## Problem statement
Starting at the line holding "JM3KFBCM4S0727749 2025 MAZDA" and finishing at the line holding "Navy Flexfit Cap", transcribe the material exactly, keeping both ends but no pictures.
Task material START
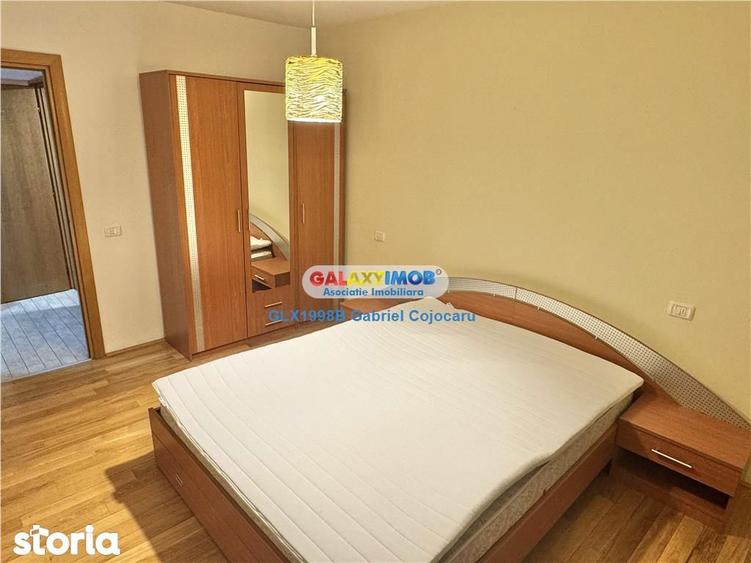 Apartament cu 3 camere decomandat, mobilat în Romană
Task material END
Task material START
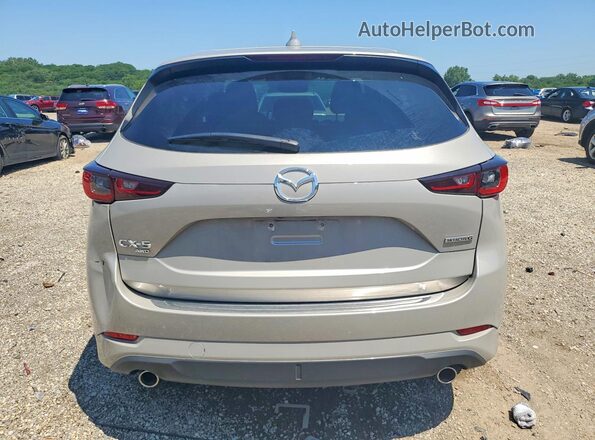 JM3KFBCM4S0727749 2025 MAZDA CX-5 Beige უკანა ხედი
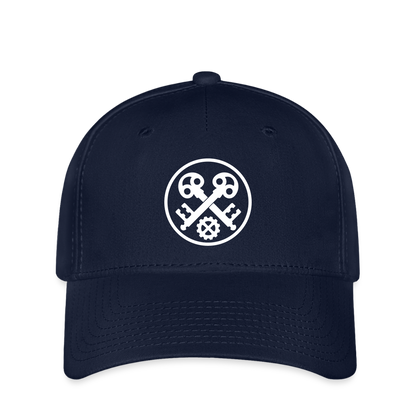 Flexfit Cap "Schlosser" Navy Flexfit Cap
Task material END
Task material START
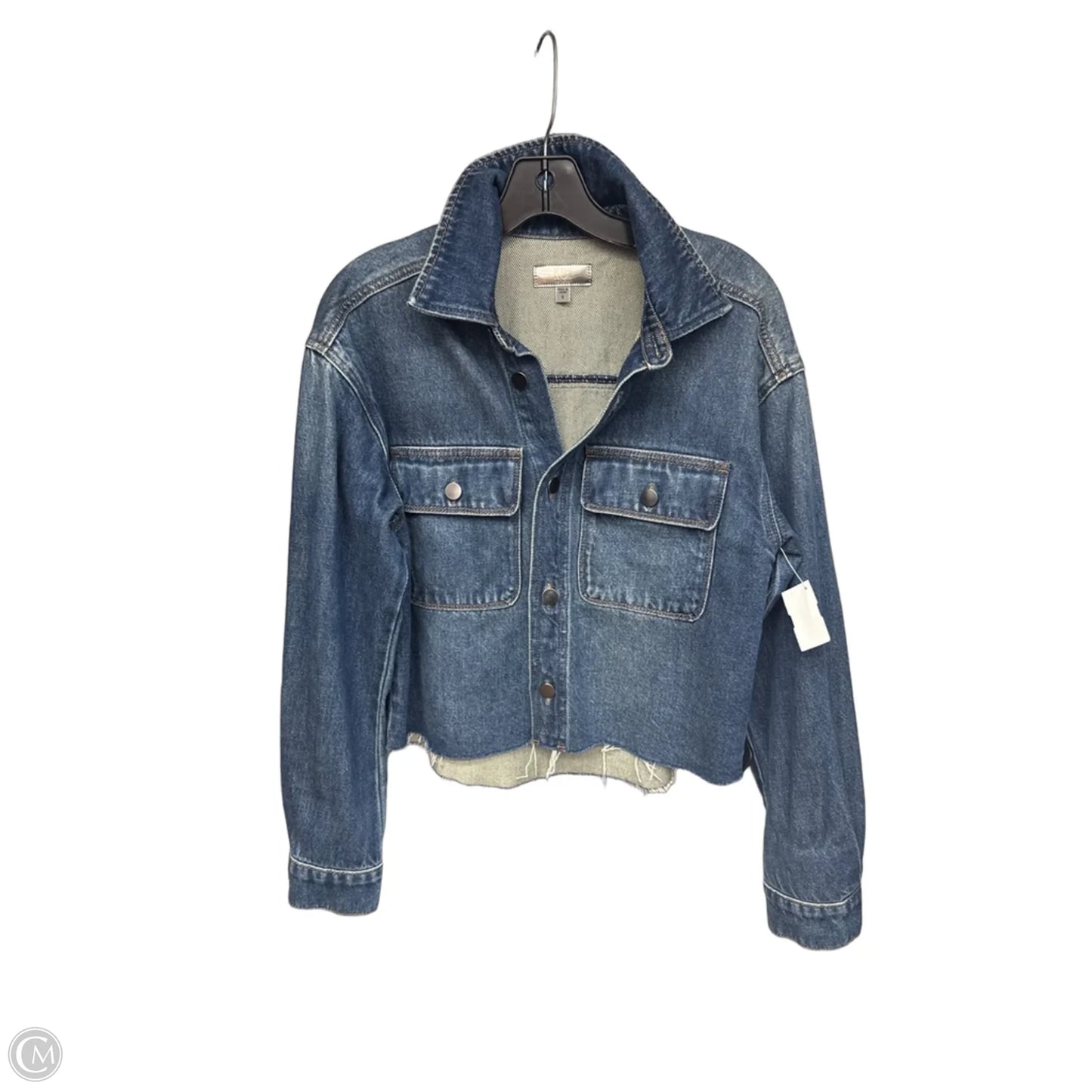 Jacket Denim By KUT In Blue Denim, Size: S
Task material END
## Task result
 JM3KFBCM4S0727749 2025 MAZDA CX-5 Beige უკანა ხედი
 Flexfit Cap "Schlosser" Navy Flexfit Cap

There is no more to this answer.